[[ Task input open ]]
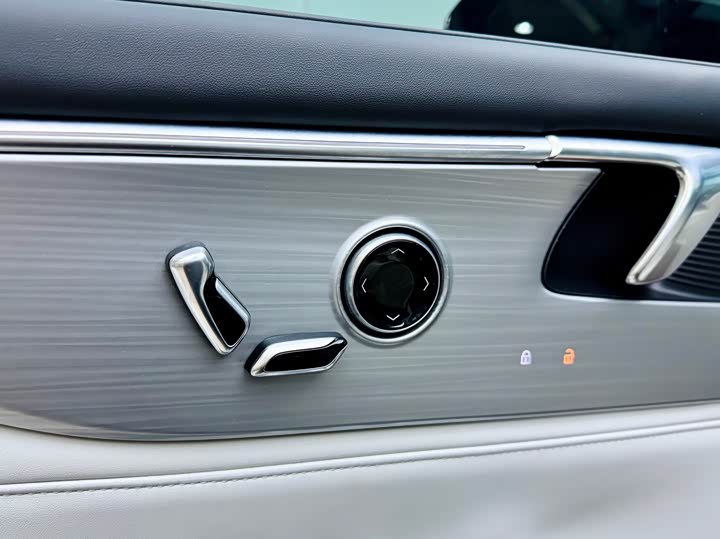 Фото 21 - Buick GL8 Hybrid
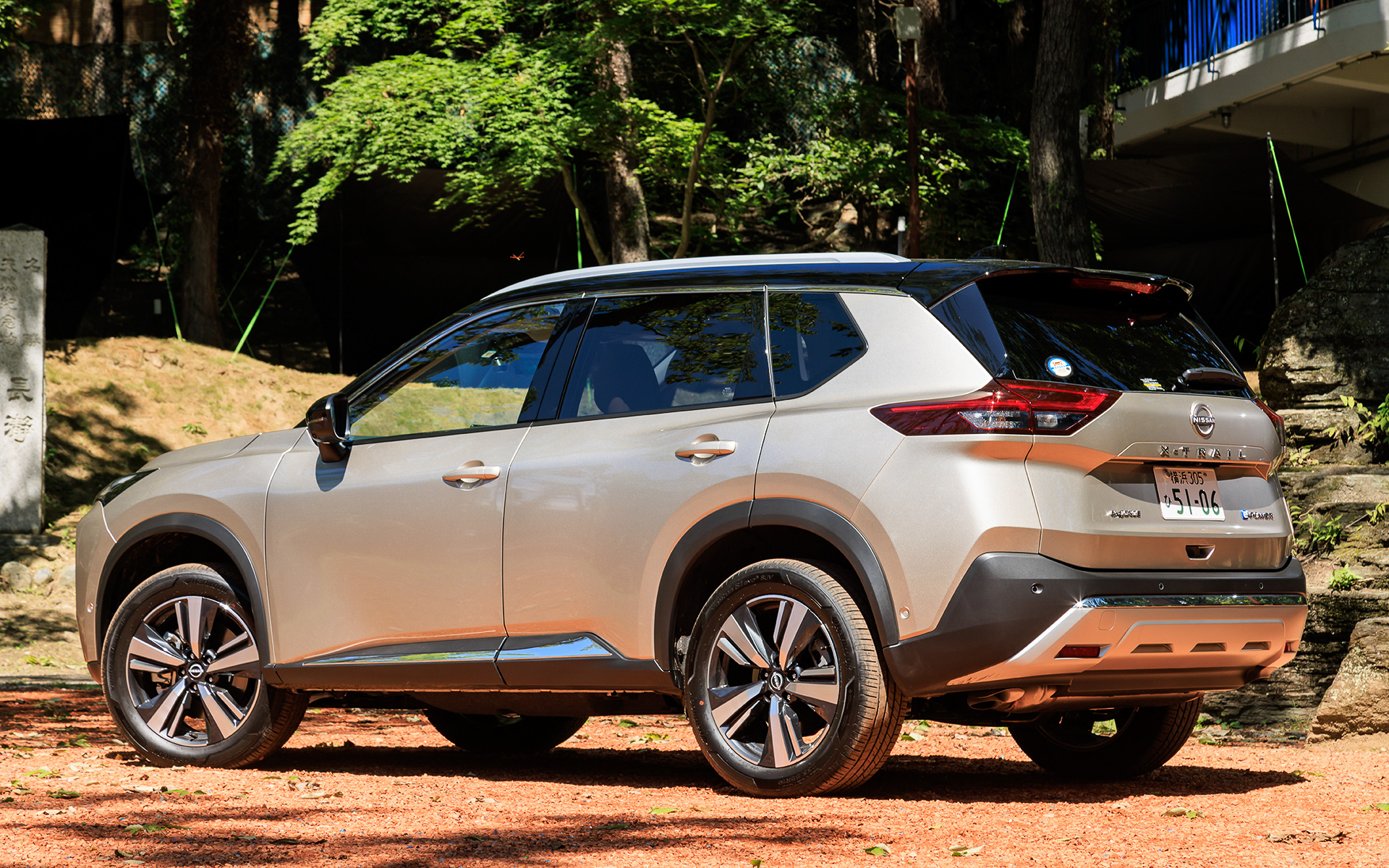 今回試乗したのは7月に発売となった新型「エクストレイル」。2WD、4WDそれぞれにベースグレードの「S」、中間グレードの「X」、上級グレードの「G」を用意し、2列シートの5名乗車が基本。4WDの「X e-4ORCE」だけ3列シートの7名乗車仕様をラインアップする。撮影車は「G e-4ORCE」(449万9000円)で、ボディサイズは4660×1840×1720mm(全長×全幅×全高)、ホイールベースは2705mm。従来モデルから30mm短く、20mm広く、20mm低いロー&ワイドなプロポーションを実現した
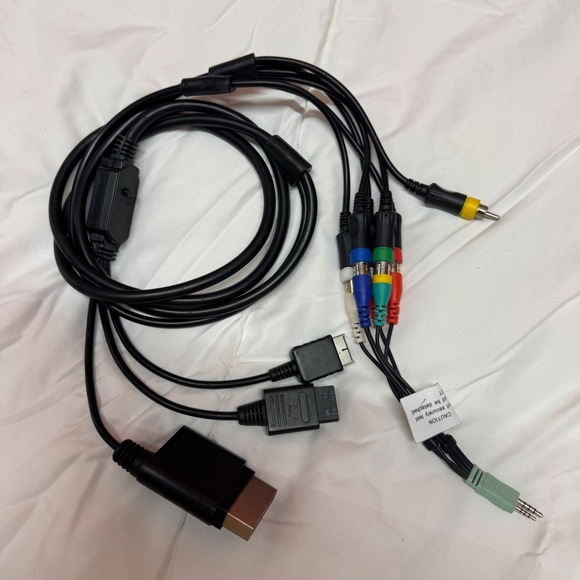 Unbranded Other - Universal Component AV Cable for Xbox 360 PS2 PS3 Wii HDTV High Def 3-in-1 Black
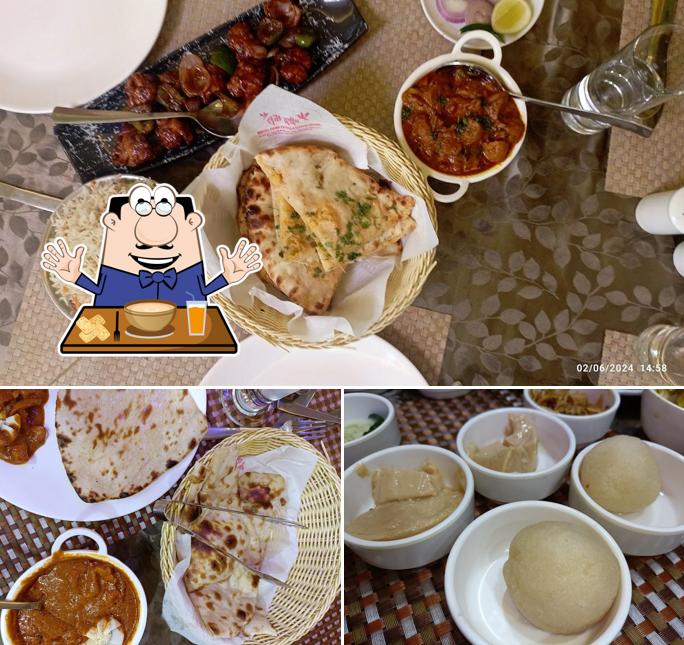 Food at ইষ্টি কুটুম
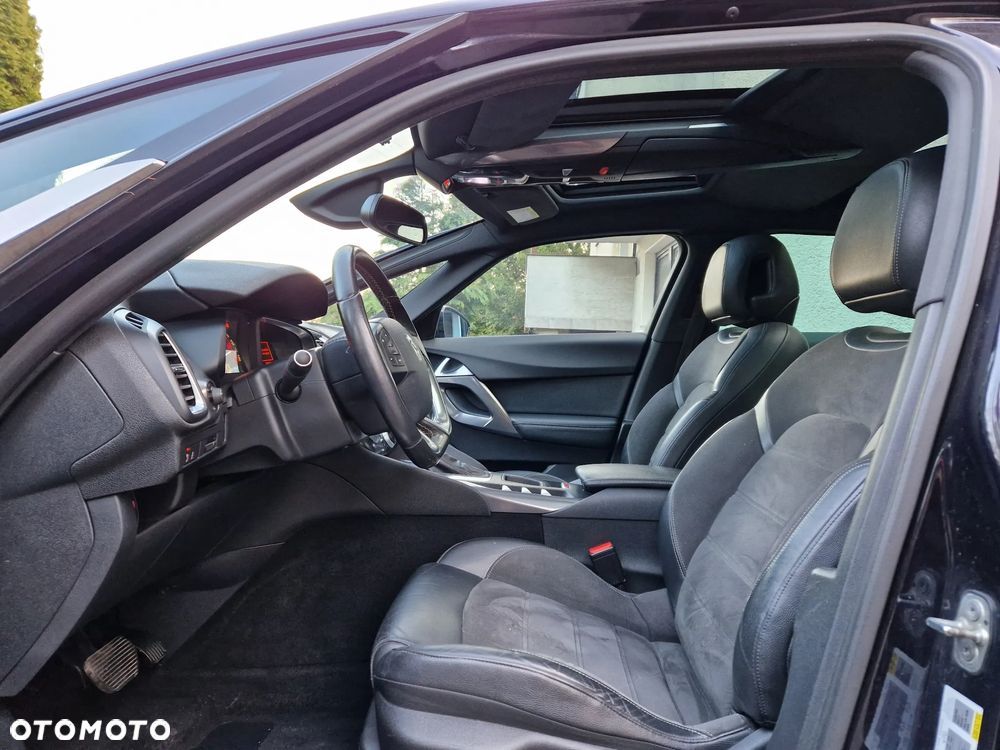 DS Automobiles DS 5 - 8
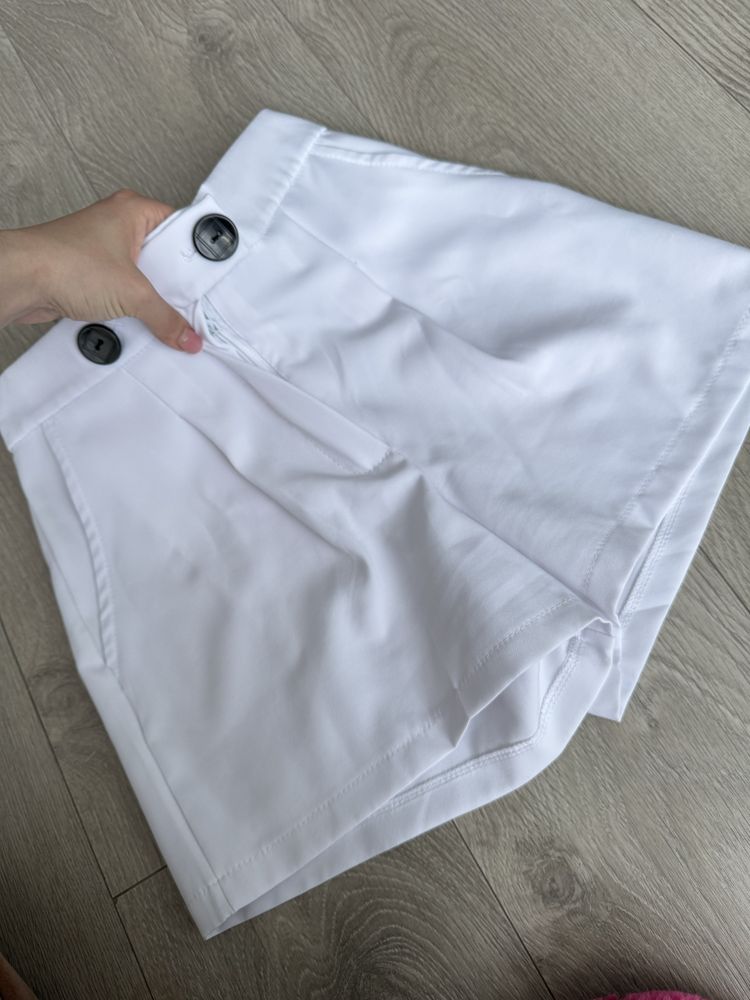 Шорти жіночі літні білі шорты белые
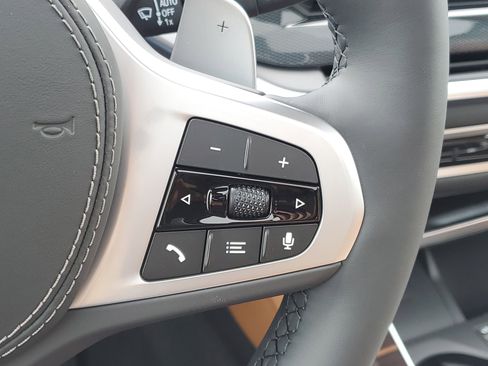 New 2026 BMW X5 xDrive40i w/ M Sport Package image 13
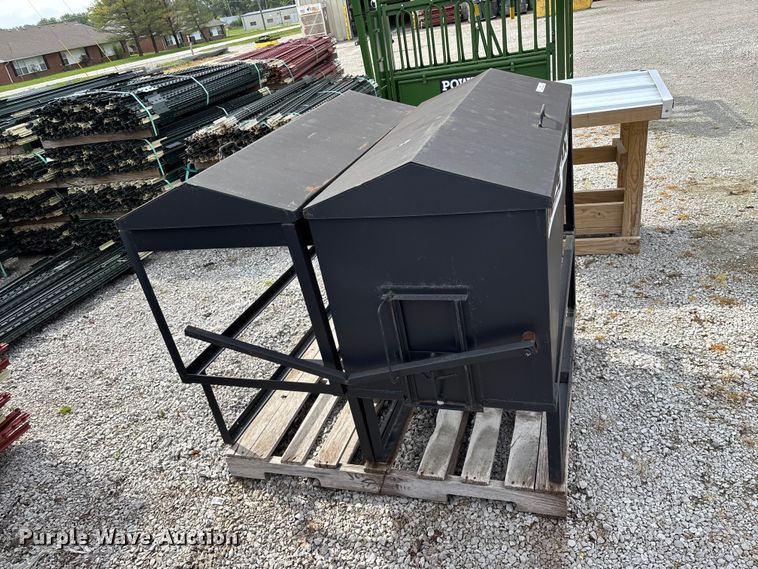 image for item EO4191 (3) livestock feeders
[[ Task input closed ]]
Your answer should hold only the lines from the line with "Food at ইষ্টি কুটুম" through the closing line of the records, restated exactly and free of pictures.

#### [Answer to this task]
 Food at ইষ্টি কুটুম
 DS Automobiles DS 5 - 8
 Шорти жіночі літні білі шорты белые
 New 2026 BMW X5 xDrive40i w/ M Sport Package image 13
 image for item EO4191 (3) livestock feeders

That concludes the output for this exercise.